Segment Start: SOURCE MATERIAL

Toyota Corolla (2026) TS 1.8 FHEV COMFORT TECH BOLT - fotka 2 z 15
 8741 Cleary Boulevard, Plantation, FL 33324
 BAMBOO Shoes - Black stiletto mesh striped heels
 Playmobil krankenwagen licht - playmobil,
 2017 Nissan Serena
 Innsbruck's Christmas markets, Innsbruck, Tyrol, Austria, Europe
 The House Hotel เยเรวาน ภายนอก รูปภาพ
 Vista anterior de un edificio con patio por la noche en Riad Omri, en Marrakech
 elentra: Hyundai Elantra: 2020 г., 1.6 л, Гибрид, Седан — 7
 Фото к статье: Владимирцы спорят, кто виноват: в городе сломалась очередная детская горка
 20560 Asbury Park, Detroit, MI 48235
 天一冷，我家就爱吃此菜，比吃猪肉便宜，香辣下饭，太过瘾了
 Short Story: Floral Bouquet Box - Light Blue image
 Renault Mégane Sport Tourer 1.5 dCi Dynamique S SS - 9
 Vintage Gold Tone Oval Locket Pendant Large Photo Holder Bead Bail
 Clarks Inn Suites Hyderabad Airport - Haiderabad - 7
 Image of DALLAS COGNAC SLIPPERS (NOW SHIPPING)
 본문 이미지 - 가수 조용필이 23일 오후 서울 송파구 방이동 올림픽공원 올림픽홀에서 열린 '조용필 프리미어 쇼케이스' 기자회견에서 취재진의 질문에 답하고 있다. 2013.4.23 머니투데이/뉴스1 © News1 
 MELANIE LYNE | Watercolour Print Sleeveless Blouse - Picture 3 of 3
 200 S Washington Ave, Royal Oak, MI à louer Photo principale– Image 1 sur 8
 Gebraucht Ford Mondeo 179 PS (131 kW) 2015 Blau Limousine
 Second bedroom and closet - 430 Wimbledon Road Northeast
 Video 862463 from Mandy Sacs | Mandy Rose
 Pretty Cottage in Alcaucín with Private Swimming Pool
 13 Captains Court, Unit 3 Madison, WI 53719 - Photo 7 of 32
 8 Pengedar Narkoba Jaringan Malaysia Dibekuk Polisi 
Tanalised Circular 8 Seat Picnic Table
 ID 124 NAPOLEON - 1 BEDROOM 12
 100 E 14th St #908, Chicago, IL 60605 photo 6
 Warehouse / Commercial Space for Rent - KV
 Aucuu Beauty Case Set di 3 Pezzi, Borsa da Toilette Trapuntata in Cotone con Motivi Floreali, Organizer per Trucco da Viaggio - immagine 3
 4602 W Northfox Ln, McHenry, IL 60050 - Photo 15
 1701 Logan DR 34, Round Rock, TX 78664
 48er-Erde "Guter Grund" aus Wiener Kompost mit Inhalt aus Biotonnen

Segment End: SOURCE MATERIAL

▶ [WHAT IS NEEDED]:
Each record must be repeated exactly as it is.

▶ [EXERCISE RESULT]:
Toyota Corolla (2026) TS 1.8 FHEV COMFORT TECH BOLT - fotka 2 z 15
 8741 Cleary Boulevard, Plantation, FL 33324
 BAMBOO Shoes - Black stiletto mesh striped heels
 Playmobil krankenwagen licht - playmobil,
 2017 Nissan Serena
 Innsbruck's Christmas markets, Innsbruck, Tyrol, Austria, Europe
 The House Hotel เยเรวาน ภายนอก รูปภาพ
 Vista anterior de un edificio con patio por la noche en Riad Omri, en Marrakech
 elentra: Hyundai Elantra: 2020 г., 1.6 л, Гибрид, Седан — 7
 Фото к статье: Владимирцы спорят, кто виноват: в городе сломалась очередная детская горка
 20560 Asbury Park, Detroit, MI 48235
 天一冷，我家就爱吃此菜，比吃猪肉便宜，香辣下饭，太过瘾了
 Short Story: Floral Bouquet Box - Light Blue image
 Renault Mégane Sport Tourer 1.5 dCi Dynamique S SS - 9
 Vintage Gold Tone Oval Locket Pendant Large Photo Holder Bead Bail
 Clarks Inn Suites Hyderabad Airport - Haiderabad - 7
 Image of DALLAS COGNAC SLIPPERS (NOW SHIPPING)
 본문 이미지 - 가수 조용필이 23일 오후 서울 송파구 방이동 올림픽공원 올림픽홀에서 열린 '조용필 프리미어 쇼케이스' 기자회견에서 취재진의 질문에 답하고 있다. 2013.4.23 머니투데이/뉴스1 © News1 
 MELANIE LYNE | Watercolour Print Sleeveless Blouse - Picture 3 of 3
 200 S Washington Ave, Royal Oak, MI à louer Photo principale– Image 1 sur 8
 Gebraucht Ford Mondeo 179 PS (131 kW) 2015 Blau Limousine
 Second bedroom and closet - 430 Wimbledon Road Northeast
 Video 862463 from Mandy Sacs | Mandy Rose
 Pretty Cottage in Alcaucín with Private Swimming Pool
 13 Captains Court, Unit 3 Madison, WI 53719 - Photo 7 of 32
 8 Pengedar Narkoba Jaringan Malaysia Dibekuk Polisi 
Tanalised Circular 8 Seat Picnic Table
 ID 124 NAPOLEON - 1 BEDROOM 12
 100 E 14th St #908, Chicago, IL 60605 photo 6
 Warehouse / Commercial Space for Rent - KV
 Aucuu Beauty Case Set di 3 Pezzi, Borsa da Toilette Trapuntata in Cotone con Motivi Floreali, Organizer per Trucco da Viaggio - immagine 3
 4602 W Northfox Ln, McHenry, IL 60050 - Photo 15
 1701 Logan DR 34, Round Rock, TX 78664
 48er-Erde "Guter Grund" aus Wiener Kompost mit Inhalt aus Biotonnen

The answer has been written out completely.